For the last few days I've been stuck in my scripture reading. I have reached some verses God REALLY wants me to blog about, but for some reason I've been hesitating. So as I write this, I have a prayer in my heart that God's voice will speak through me and touch those it is meant to touch.
"And this is my gospel—repentance and baptism by water, and then cometh the baptism of fire and the Holy Ghost, even the Comforter, which showeth all things, and teacheth the peaceable things of the kingdom."
— Doctrine & Covenants 39:6
Last fall I participated in a MOPS program at a local church. Most of the women in my group attend this church, but I do not. One day I asked the women in my group what the church's stand was on baptism - was it necessary or not. The group leader said the church did not hold baptism to be necessary, it was just a way to show other people that you have chosen to follow Christ. Then some women even said there was nothing in the scriptures that said baptism was necessary.
I was shocked. I couldn't believe these women had just said this. The first thing that came to my mind was Jesus's own words in the bible —
"Jesus answered, Verily, verily, I say unto thee, Except a man be born of water and of the Spirit, he cannot enter into the kingdom of God."
— John 3:5
That is as straightforward as you can get, and yet here were women, members of a 'bible' church, who believed the bible didn't teach the necessity of baptism.
Baptism is an ordinance. An ordinance is a physical performance showing you have made a covenant with God.

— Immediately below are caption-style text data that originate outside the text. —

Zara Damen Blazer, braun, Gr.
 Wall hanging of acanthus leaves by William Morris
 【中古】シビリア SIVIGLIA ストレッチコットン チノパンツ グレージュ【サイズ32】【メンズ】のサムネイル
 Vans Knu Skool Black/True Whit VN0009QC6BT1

All ordinances must be performed by someone having authority from God. Jesus taught not only in word, but in deed that this ordinance is necessary for EVERYONE, even Himself.
"Then cometh Jesus from Galilee to Jordan unto John, to be baptized of him. But John forbad him, saying, I have need to be baptized of thee, and comest thou to me? And Jesus answering said unto him, Suffer it to be so now: for thus it becometh us to fulfil all righteousness."
— Matthew 3:13-15
Even Jesus, the sinless one, had to make this covenant with God. His pure example shows us plainly that everyone, in order to follow in His footsteps, must be baptized. Jesus didn't go to just anyone to be baptized. He went to John, who had authority from God to perform this ordinance.
— Doctrine & Covenants 39:10
On the day of Pentecost, when the apostles and disciples of Christ were filled with the spirit of the Lord, Peter also taught of the importance of baptism.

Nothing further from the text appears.